→ EXERCISE DETAILS: Begin with the first line of the entries below. Copy each line exactly, stopping after the one that contains "Color: Dark Grey, Size: M".

(Stored data entries)

======

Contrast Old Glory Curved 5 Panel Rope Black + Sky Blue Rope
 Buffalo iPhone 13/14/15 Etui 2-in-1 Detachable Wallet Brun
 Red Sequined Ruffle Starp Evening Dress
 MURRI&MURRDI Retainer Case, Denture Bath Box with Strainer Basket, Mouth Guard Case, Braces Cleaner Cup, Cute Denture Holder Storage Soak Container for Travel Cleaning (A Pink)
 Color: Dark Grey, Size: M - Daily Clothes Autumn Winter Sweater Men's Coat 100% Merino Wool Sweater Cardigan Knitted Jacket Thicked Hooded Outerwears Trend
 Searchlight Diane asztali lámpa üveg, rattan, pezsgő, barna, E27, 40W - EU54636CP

======

→ RESULT OF THIS EXERCISE:
Contrast Old Glory Curved 5 Panel Rope Black + Sky Blue Rope
 Buffalo iPhone 13/14/15 Etui 2-in-1 Detachable Wallet Brun
 Red Sequined Ruffle Starp Evening Dress
 MURRI&MURRDI Retainer Case, Denture Bath Box with Strainer Basket, Mouth Guard Case, Braces Cleaner Cup, Cute Denture Holder Storage Soak Container for Travel Cleaning (A Pink)
 Color: Dark Grey, Size: M - Daily Clothes Autumn Winter Sweater Men's Coat 100% Merino Wool Sweater Cardigan Knitted Jacket Thicked Hooded Outerwears Trend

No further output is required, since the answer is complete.